Diese Frage impliziert, daß es sich bei den Arbeiten Siebers keinesfalls um eine Farben-l'art-pour-l'art handelt. Man wird vielmehr vor dem Hintergrund derart als Farbform eingeschätzter Naturformen einerseits und der Beharrlichkeit der Bemühungen um Farbgesetzlichkeit andererseits - man wird vielmehr davon ausgehen müssen, daß Friedrich Sieber analog zu dem "gewachsenen Gesetz" der Naturformen auch hinter seiner Welt aus Farben ein Gesetz vermutet, dessen Paragraphen wir nicht kennen: ein definites Farb-Form-Gesetz, zu dem wir den Schlüssel verloren haben, das spekulativ auch gar nicht faßbar ist. Auf das hin sich aber ein Maler empirisch, das heißt in vielen kleinen Schritten, sprich Bildern, bewegen kann.

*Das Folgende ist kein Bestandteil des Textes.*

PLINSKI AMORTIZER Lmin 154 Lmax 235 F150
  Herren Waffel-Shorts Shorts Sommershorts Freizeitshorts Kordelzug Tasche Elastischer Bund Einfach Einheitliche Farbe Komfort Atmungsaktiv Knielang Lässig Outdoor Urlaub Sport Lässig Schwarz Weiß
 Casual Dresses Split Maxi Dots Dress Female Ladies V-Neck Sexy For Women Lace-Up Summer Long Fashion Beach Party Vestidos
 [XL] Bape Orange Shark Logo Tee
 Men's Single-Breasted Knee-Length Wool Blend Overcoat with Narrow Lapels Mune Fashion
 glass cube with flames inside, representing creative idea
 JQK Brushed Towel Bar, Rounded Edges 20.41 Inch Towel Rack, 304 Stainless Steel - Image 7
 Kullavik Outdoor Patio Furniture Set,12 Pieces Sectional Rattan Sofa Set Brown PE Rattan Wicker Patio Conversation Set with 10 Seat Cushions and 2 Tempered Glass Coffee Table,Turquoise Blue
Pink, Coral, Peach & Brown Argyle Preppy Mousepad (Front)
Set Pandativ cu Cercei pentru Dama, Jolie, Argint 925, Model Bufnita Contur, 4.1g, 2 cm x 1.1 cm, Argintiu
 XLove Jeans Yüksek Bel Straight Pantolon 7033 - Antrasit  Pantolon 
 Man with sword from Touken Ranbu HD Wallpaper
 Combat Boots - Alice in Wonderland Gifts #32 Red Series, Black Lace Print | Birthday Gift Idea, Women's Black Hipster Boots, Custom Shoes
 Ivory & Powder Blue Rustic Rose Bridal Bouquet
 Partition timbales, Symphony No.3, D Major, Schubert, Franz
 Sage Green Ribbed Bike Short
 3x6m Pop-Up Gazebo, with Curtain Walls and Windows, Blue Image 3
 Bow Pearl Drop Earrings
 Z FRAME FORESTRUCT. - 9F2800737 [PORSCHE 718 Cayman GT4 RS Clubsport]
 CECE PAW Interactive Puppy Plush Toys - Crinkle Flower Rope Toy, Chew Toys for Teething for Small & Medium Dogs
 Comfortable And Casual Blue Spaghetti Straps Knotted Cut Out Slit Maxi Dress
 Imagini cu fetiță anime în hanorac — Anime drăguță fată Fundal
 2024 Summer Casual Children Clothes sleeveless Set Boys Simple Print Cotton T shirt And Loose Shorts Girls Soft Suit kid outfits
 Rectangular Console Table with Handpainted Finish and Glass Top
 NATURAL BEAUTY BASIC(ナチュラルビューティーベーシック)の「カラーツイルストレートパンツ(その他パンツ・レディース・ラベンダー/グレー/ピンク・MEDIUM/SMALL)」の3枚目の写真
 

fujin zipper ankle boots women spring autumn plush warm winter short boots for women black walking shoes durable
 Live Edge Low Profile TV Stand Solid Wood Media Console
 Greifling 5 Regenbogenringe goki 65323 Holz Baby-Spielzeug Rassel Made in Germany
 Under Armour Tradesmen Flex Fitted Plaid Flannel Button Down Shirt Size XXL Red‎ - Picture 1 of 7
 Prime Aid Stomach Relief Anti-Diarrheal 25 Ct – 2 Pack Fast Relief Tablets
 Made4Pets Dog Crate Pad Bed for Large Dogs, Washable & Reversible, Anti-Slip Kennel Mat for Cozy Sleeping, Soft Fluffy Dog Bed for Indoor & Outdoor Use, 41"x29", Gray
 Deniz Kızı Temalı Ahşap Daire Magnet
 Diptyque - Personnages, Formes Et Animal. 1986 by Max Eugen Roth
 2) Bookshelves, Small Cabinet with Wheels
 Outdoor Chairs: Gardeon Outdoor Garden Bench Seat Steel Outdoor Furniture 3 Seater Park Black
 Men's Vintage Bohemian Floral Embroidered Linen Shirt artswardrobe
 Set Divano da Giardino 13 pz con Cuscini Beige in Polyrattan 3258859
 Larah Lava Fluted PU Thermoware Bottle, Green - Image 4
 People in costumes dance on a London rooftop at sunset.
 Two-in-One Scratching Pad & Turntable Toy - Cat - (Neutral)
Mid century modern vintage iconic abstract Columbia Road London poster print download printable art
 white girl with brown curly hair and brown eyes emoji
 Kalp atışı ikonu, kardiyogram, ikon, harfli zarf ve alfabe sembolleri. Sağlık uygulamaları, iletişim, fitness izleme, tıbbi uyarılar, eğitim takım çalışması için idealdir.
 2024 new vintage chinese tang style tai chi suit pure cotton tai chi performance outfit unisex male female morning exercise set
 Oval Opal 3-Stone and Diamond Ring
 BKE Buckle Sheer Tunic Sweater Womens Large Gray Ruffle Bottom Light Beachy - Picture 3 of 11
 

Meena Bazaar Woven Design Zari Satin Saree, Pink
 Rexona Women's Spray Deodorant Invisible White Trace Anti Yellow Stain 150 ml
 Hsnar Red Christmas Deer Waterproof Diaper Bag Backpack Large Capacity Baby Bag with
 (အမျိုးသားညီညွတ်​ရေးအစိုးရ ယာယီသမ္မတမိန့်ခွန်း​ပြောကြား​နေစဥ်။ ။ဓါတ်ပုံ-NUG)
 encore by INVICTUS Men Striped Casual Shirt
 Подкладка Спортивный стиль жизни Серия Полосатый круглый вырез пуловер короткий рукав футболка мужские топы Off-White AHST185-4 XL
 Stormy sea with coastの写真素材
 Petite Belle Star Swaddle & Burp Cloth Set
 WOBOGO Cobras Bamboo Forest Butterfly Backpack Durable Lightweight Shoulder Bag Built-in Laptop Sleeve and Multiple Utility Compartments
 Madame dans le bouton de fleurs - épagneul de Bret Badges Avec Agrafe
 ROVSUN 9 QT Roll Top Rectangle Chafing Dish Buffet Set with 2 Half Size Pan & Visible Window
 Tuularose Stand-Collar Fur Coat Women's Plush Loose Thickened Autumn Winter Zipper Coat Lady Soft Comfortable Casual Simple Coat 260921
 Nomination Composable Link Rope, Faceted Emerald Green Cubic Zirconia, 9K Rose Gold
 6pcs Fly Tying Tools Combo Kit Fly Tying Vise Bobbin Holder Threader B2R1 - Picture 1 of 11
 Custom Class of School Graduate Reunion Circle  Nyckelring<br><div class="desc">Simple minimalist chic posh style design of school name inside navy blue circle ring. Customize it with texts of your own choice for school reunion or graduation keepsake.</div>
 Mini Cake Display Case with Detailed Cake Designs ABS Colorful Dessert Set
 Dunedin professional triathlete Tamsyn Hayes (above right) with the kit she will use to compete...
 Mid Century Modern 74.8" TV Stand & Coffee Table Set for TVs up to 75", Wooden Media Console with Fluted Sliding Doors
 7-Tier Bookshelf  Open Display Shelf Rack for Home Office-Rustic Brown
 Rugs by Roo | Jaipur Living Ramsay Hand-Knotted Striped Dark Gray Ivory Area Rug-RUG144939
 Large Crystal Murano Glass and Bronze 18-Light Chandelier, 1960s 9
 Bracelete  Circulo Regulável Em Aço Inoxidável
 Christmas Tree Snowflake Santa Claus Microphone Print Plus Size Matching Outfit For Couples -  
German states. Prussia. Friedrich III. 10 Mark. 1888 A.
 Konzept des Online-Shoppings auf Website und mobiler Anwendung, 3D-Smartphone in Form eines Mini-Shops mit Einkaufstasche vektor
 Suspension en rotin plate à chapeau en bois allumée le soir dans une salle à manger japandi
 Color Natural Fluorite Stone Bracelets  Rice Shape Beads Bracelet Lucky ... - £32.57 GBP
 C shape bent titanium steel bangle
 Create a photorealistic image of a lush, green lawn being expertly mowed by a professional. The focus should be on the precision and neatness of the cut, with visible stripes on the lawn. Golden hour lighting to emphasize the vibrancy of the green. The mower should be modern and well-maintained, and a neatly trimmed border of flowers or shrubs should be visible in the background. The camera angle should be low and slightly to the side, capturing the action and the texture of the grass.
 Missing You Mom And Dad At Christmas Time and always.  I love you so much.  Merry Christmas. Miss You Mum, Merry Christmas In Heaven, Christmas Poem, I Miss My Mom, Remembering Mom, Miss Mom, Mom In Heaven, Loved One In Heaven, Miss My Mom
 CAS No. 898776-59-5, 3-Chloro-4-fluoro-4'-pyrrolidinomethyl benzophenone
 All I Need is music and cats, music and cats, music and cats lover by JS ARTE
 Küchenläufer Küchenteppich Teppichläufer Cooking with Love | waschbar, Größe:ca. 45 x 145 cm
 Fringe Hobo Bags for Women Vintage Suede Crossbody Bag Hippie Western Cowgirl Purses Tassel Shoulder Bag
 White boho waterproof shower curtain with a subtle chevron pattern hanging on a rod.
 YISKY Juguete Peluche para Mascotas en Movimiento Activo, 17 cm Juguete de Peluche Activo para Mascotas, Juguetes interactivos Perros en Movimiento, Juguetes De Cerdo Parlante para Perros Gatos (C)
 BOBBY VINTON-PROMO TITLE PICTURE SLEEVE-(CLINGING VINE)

Das er in immer neuen Interaktionen umkreisen kann, wenn auch ohne die Gewißheit, es je ganz einzukreisen, es je ganz zu fassen.

Dies wäre denn auch eine Erklärung, warum Friedrich Sieber seiner radikalen Entscheidung, die Welt als Farbe zu sehen, bis heute treu geblieben ist.